Copy the records below verbatim, from the first line through the line containing "Scandinavian Modern Danish", inclusive, and output nothing else.

Material shown ->
[Start of section]

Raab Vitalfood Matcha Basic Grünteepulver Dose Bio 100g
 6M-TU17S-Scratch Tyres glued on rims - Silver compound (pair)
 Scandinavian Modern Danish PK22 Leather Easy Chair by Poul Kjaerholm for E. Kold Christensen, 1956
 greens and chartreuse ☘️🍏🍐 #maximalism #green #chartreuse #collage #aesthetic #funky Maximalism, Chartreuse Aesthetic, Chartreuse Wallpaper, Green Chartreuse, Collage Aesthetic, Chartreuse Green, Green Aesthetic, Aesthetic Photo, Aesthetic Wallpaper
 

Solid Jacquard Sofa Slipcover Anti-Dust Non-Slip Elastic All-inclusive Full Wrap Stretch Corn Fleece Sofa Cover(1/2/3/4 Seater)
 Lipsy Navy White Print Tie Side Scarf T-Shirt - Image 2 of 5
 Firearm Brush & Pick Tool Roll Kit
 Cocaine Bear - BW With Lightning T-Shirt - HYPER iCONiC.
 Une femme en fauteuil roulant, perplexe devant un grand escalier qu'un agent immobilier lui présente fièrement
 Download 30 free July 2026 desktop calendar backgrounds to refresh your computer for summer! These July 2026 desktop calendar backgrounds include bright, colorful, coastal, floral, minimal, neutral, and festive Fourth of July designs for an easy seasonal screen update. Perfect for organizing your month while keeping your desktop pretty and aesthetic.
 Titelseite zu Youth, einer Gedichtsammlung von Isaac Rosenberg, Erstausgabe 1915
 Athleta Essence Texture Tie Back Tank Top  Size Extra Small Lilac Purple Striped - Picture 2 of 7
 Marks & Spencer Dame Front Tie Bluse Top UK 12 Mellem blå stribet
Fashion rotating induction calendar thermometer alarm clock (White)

[End of section]

Solution below ->
Raab Vitalfood Matcha Basic Grünteepulver Dose Bio 100g
 6M-TU17S-Scratch Tyres glued on rims - Silver compound (pair)
 Scandinavian Modern Danish PK22 Leather Easy Chair by Poul Kjaerholm for E. Kold Christensen, 1956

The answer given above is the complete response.